> [Information shown]
*** Block opens ***

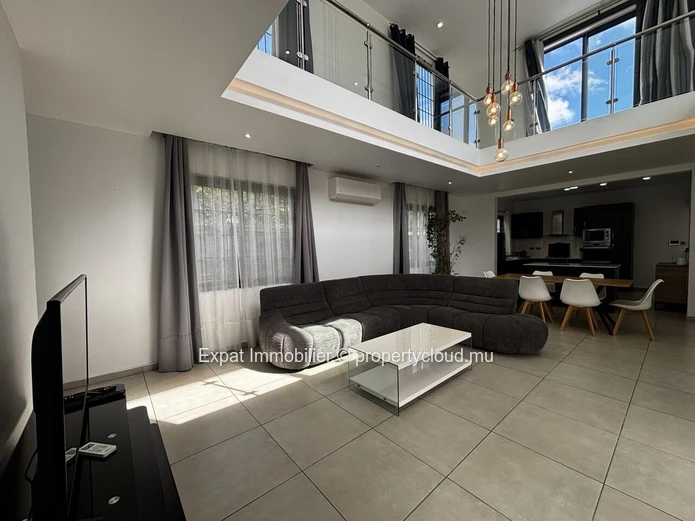 Exclusivité – Villa Contemporaine Avec Séjour Cathédrale, Jardin & Piscine – Péreybère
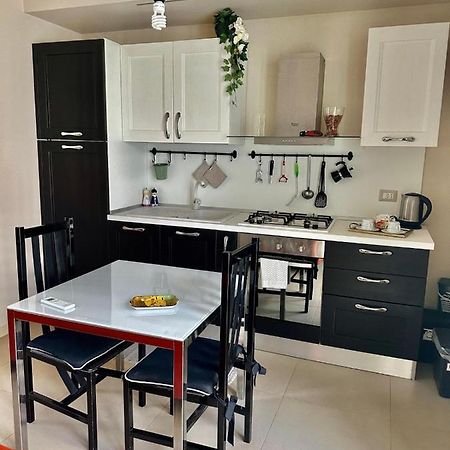 Piccolo Loft In Centro Asti Leilighet Eksteriør bilde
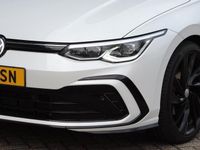 Occasion VW Golf VIII R-line 131 PK (96 kW) 2020 Wit Hatchback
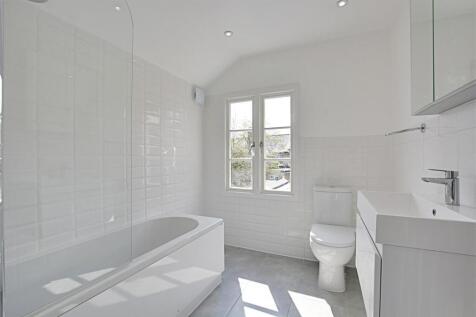 Bathroom 1.jpg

*** Block closes ***

> [Your instructions] The required output consists only of the lines from the one containing "Piccolo Loft In" to the last line of the material, reproduced exactly, pictures excluded.

> [Solution]
 Piccolo Loft In Centro Asti Leilighet Eksteriør bilde
 Occasion VW Golf VIII R-line 131 PK (96 kW) 2020 Wit Hatchback
 Bathroom 1.jpg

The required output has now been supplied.